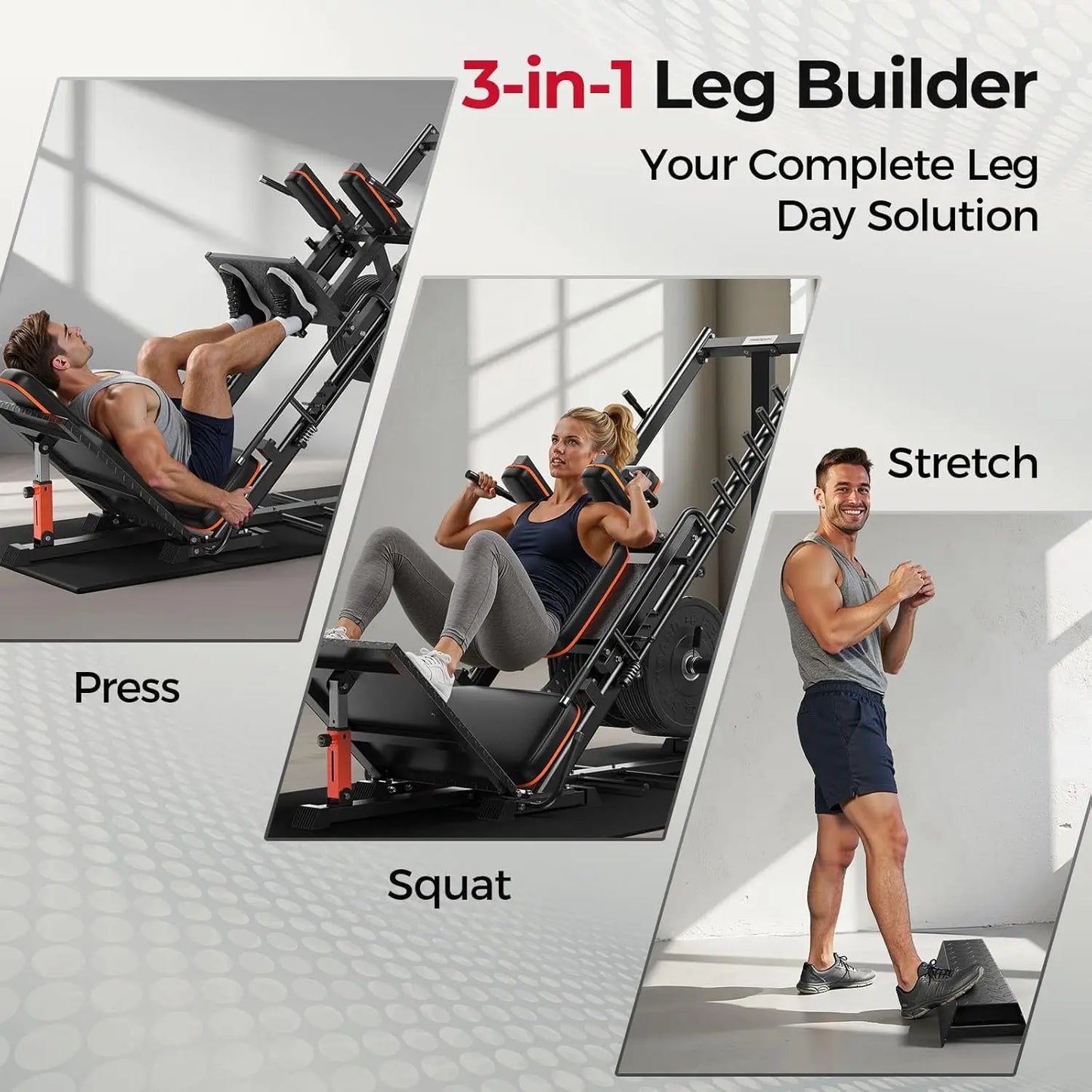 FED Fitness 3 In 1 Leg Press Hack Squat Machine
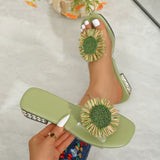 Serena | Floral Square-Toe Heeled Sandals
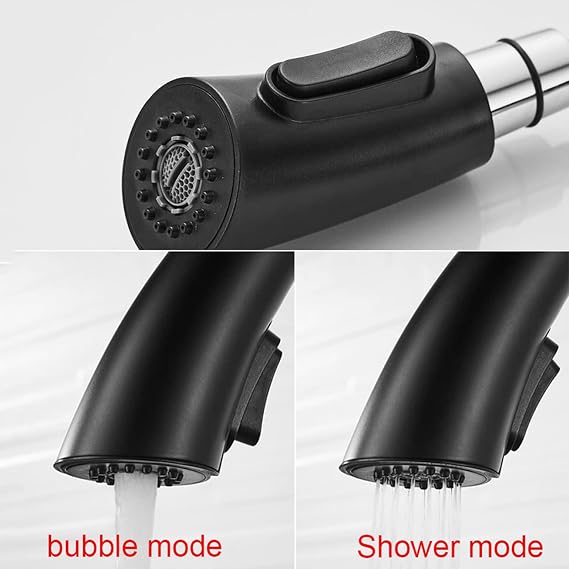 Pull Out Kitchen Faucet,2 Spouts Sink,360° Rotating,Single Handle One Hole,Hot Cold Water Mixer Tap,Black(Cromo)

TASK TO CARRY OUT
Set the listing down verbatim, excluding pictures.

ANSWER BELOW
 FED Fitness 3 In 1 Leg Press Hack Squat Machine
 Serena | Floral Square-Toe Heeled Sandals
 Pull Out Kitchen Faucet,2 Spouts Sink,360° Rotating,Single Handle One Hole,Hot Cold Water Mixer Tap,Black(Cromo)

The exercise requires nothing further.